• **WHAT IS EXPECTED**
Skip all pictures. Set down only the lines starting at the line containing "Lampe suspendue MOTIF" and running to the end of the listing.

----

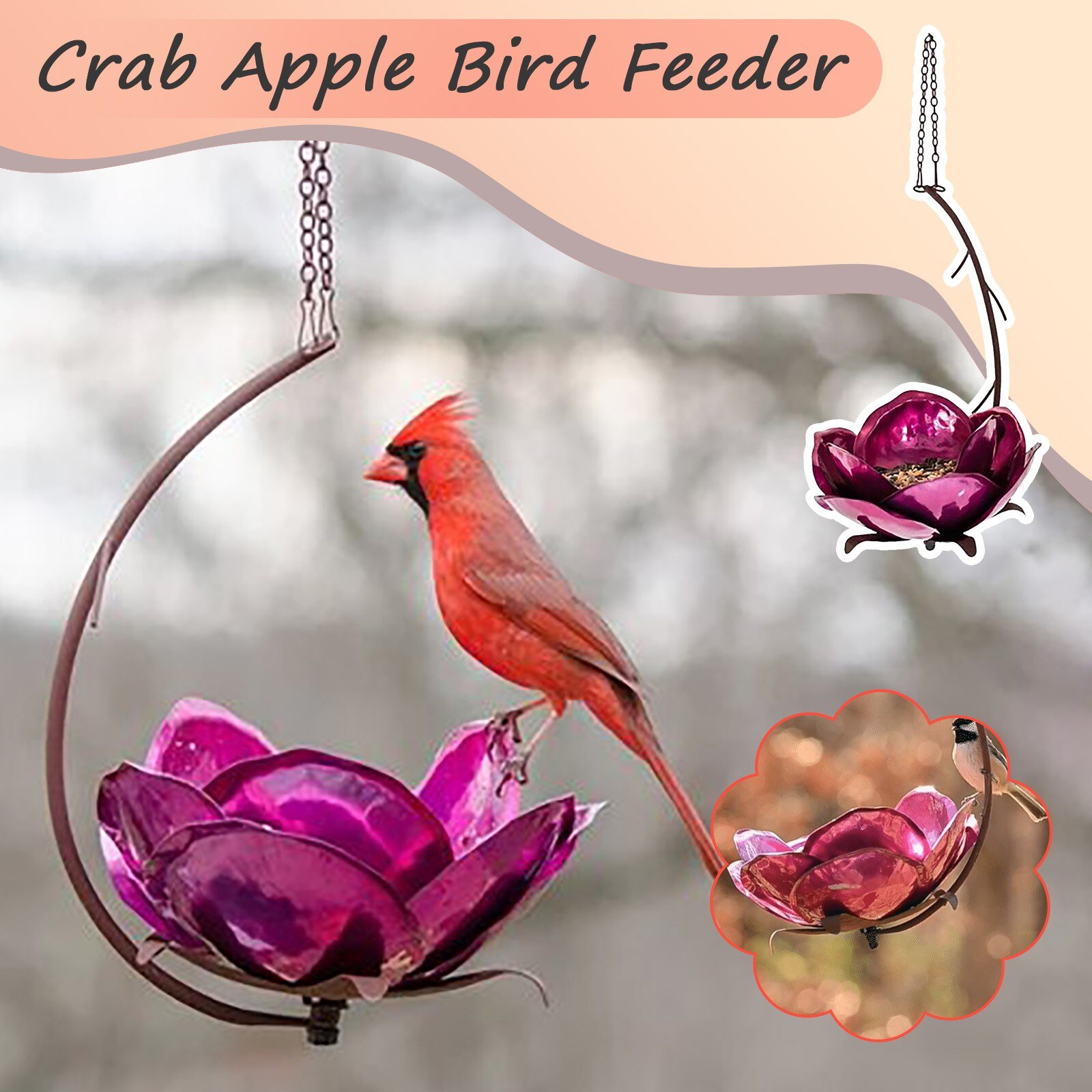 Flower-style hummingbird bird feeder flower hanging food and water source hummingbird feeder outdoor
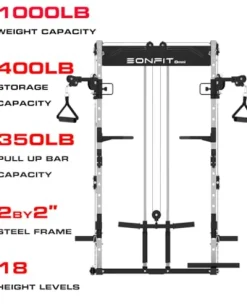 EonfitOmni Power Cage with Pulley System, Squat Power Rack Home Gym Cable Crossover LAT Pulldown Fitness Machines Black
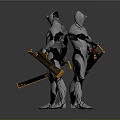 Futuristic Robots Design With Black And White Bodies And Long Weapons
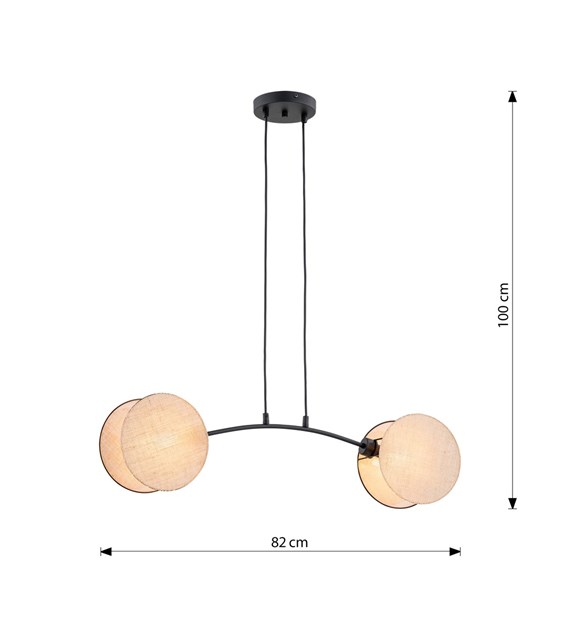 Lampe suspendue MOTIF 2 Naturel – design deux cercles reliés MOTIF 2 NATUREL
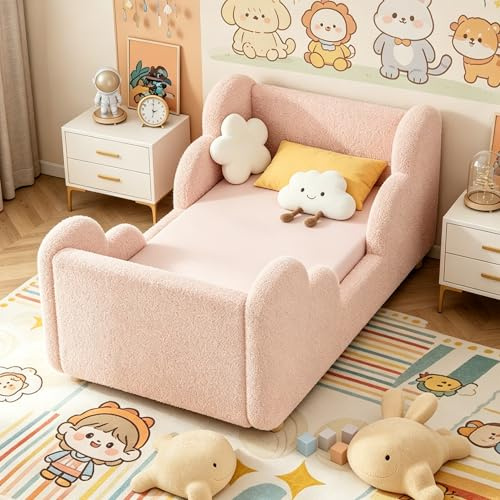 ZIKEBTUY 70x140cm Kinderbett - Komplett gepolstertes Samt, Wolkenweicher Kinderbetten, Bodenbett für Jungen und Mädchen (Rosa Wolken)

----

• **RESULT**
 Lampe suspendue MOTIF 2 Naturel – design deux cercles reliés MOTIF 2 NATUREL
 ZIKEBTUY 70x140cm Kinderbett - Komplett gepolstertes Samt, Wolkenweicher Kinderbetten, Bodenbett für Jungen und Mädchen (Rosa Wolken)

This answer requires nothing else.